Pequim discute retratar o Massacre da Praça Tiananmen

15/04/2012 19:00 Atualizado: 15/04/2012 19:00

Estudantes de Pequim colocam flores em frente a um retrato do ex-líder do PCCh e reformador liberal Hu Yaobang, enquanto milhares de estudantes se reúnem no base do monumento aos Heróis do Povo na Praça Tiananmen, durante uma manifestação não autorizada em 19 de abril de 1989, para lamentar a morte de Hu. O luto de Hu é geralmente considerado como sendo o causador do movimento estudantil em Tiananmen. (Catherine Henriette/AFP/Getty Images)Ação dramática seria uma tentativa de prevenir uma verdadeira reforma

15 de abril é o aniversário da morte de Hu Yaobang. Hu era o líder do Partido Comunista Chinês (PCCh) durante o período mais importante da reforma econômica na década de 80. O então líder supremo Deng Xiaoping depôs Hu por ser simpático ao “liberalismo burguês”. A morte de Hu há 23 anos desencadeou os protestos estudantis, que foram encerrados pela sangrenta repressão em 4 de junho de 1989 na Praça Tiananmen.
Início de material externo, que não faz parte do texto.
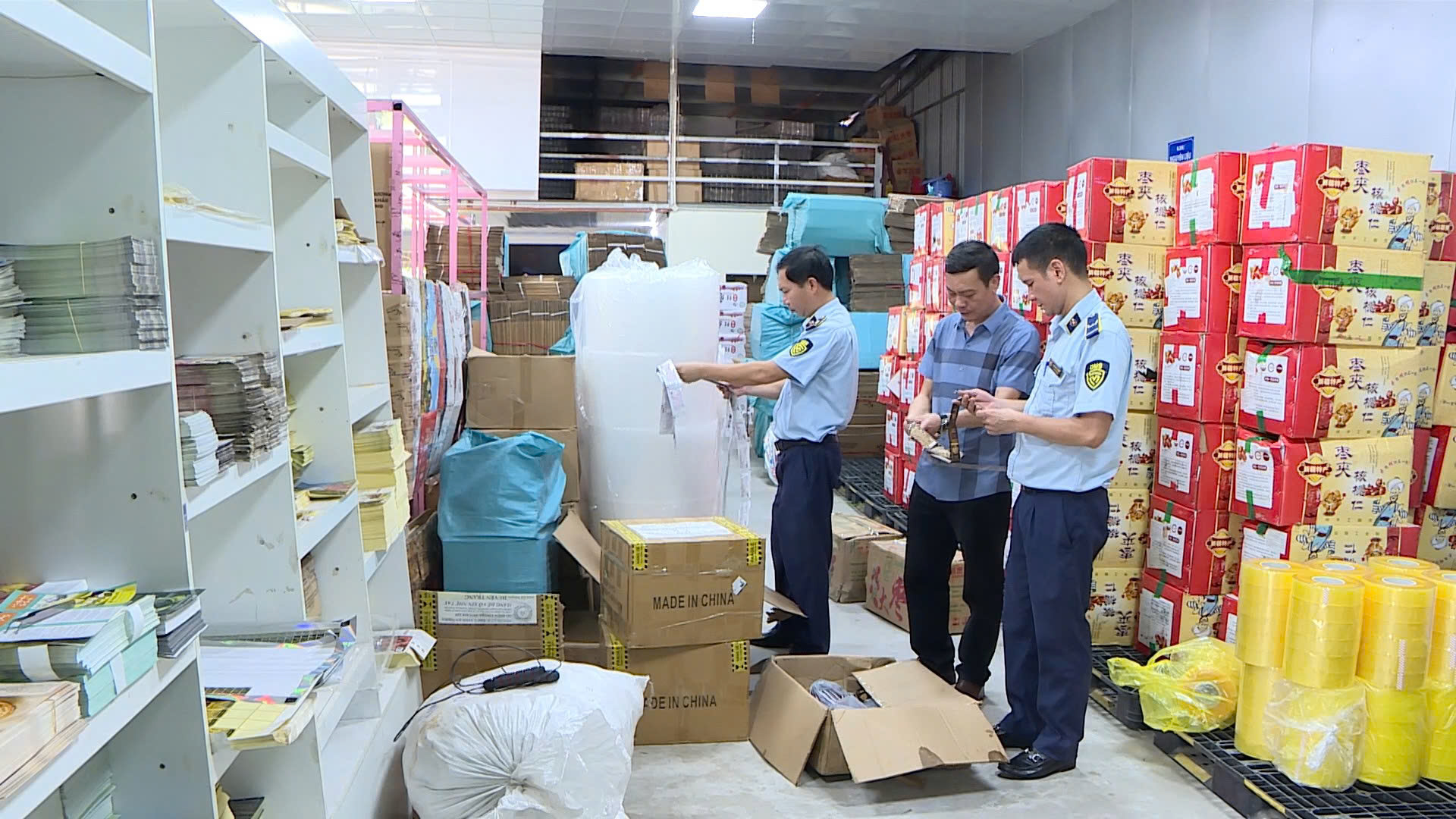 Phú Thọ: Xử phạt một công ty hơn 350 triệu đồng vì kinh doanh hàng giả- Ảnh 1. Phú Thọ: Xử phạt một công ty hơn 350 triệu đồng vì kinh doanh hàng giả- Ảnh 1.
5 de abril é o Festival Qingming chinês, o dia em que as pessoas visitam os túmulos de seus entes queridos que partiram. Por muitos anos, as pessoas têm ido ao túmulo de Hu Yaobang na província de Jiangxi, no mesmo dia. O que torna diferente este ano é que a mídia oficial Chinanews reportou que muitas pessoas visitaram o túmulo de Hu para mostrar seu respeito.

A reportagem foi amplamente reproduzida por muitos meios de comunicação chineses, incluindo o Xinhua.net, o site da mídia porta-voz do regime comunista. A reportagem mencionou ainda que 300 mil pessoas visitaram o túmulo de Hu nos últimos anos, incluindo 80 líderes do PCCh e 200 oficiais ministeriais e provinciais.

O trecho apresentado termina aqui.